Vale a pena ouvir a canção, "Which side are you on?" ("De que lado você está?"). É simultaneamente música, palavra de ordem e ladainha que os mineiros de carvão do Kentucky recitavam, em 1931, quando se organizaram contra os proprietários, naquele capitalismo de tal ordem hegemônico que os trabalhadores sequer tinham o direito de organização. A canção mostra as diferenças de um mesmo "modo de produção", mas ela assusta ainda mais pela insistência na tomada de posição, impedindo o acordo, o jeitinho e a interdependência hierárquica que constitui um elemento básico da construção do nosso mundo social. Pois, no Brasil, a questão tem sido sempre a de escolher não escolher e assim não ser antipático ou "sectário" a ponto de tomar partido e ser consequente com a individualização disso decorrente. Esse tomar partido abre uma reflexão sobre os laços entre Estado e sociedade. Afinal, o Estado veio para proteger, defender, ajudar e servir ou para atrapalhar? Sobretudo quando decide entrar com seu pesado legalismo íbero-nacional, cuja burocracia nasce intrincada a procedimentos que não visam à igualdade ou à destruição da dominação patrimonialista ou carismática, como queria Weber, mas que recria e garante privilégios e hierarquias, atiçando carismas. Produto da Contra-Reforma, esse gosto pela papelada moldada, nos séculos XVI e XVII com ajuda do Direito Romano no que veio a ser Portugal (e, depois, Brasil), inventa uma nova hierarquia. Nela, o Estado passa a ser o patrão da sociedade que, por força da lei, tem que obedecer às suas normas. Por isso, continuamos a fazer "revoluções" (como a de 1930) cujo protagonista é sempre o Estado - um "Estado Novo". A grande questão não é discutir o papel do Estado, mas de rediscutir o seu papel junto de quem o sustenta: a sociedade; ou seja, todos nós, e não apenas os eleitos e seus altos funcionários sustentados pelo nosso trabalho.

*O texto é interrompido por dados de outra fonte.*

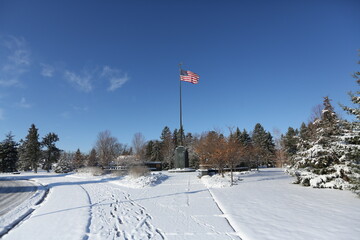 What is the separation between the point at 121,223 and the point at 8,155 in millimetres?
47385

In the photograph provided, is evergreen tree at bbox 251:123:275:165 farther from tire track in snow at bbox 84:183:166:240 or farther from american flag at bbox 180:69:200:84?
tire track in snow at bbox 84:183:166:240

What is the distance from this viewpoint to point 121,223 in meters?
6.16

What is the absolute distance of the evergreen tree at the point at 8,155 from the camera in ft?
131

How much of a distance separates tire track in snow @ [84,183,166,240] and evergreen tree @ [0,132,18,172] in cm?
4384

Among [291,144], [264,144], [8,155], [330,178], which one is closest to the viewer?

Um cara sai de carro e imediatamente observa que as avenidas e ruas estão entupidas. Não se trata de engarrafamento, mas de um enfarte. Tem mais veiculo do que espaço. Ato continuo, nosso herói cai numa cratera que liquida a suspensão do seu automóvel. Mais um problema para essa semana que começa obrigando-o a pensar naquele curso de zen-budismo pela internet. Mais adiante, no confronto com um semáforo quebrado faz meses, local onde pode ser assaltado e faz com que todos tentem exercer seus velhos privilégios de família, tentando passar em primeiro lugar, ele recorda que parte do preço do seu carro foi um altíssimo imposto destinado ao aumento e a construção de vias urbanas e de rodovias. Ou seja, ele toma consciência de que o imposto enterrado no seu carro não voltou para ele na forma de uma melhoria. Muito pelo contrário, esse dinheiro tem ajudado a aparelhar o governo do momento, que, sem nenhum pudor, contrata novos funcionários leais à sua ideologia, do mesmo modo que tem enriquecido e aristocratizado seus funcionários. O entupimento abre sua cabeça para esses pensamentos nada ortodoxos, já que sua educação passou pela escola segundo a qual progresso é Estado. É obvio - ele pensa - que, quanto mais eu pago ao Estado, mais ineficiente o Estado se torna. Neste momento, chega à sua cabeça a imagem de um amigo que, partidário do governo, tem três polpudas aposentadorias e um emprego no qual não trabalha, mas despacha. O atributo mais importante deste Estado, conclui, não é servir ao cidadão, mas ser um mecanismo de aristocratização e de enriquecimento dos partidários do governo agora funcionários e administradores cujo objetivo explicito é gerenciar por gerenciar. Esse cara passa a semana nesse inferno. No sábado, para esquecer, sai com a mulher. Seguem para um restaurante, comem e tomam umas e outras. Na volta, é parado pela blitz da Lei Seca. E nota, um tanto parvo, a eficiência prussiana do aparato estatal que o distingue com um impecável bafômetro e com agentes tão super-educados e hábeis quanto os da Gestapo, do FBI ou do KGB. Quase sorridentes, eles tiram-lhe a carteira por ter tomado "dois chopp!". São tão distintos que ele não consegue sequer esboçar desculpas ou tentar o jeitinho. Fica alegre com isso e sabe que está na pátria brasileira.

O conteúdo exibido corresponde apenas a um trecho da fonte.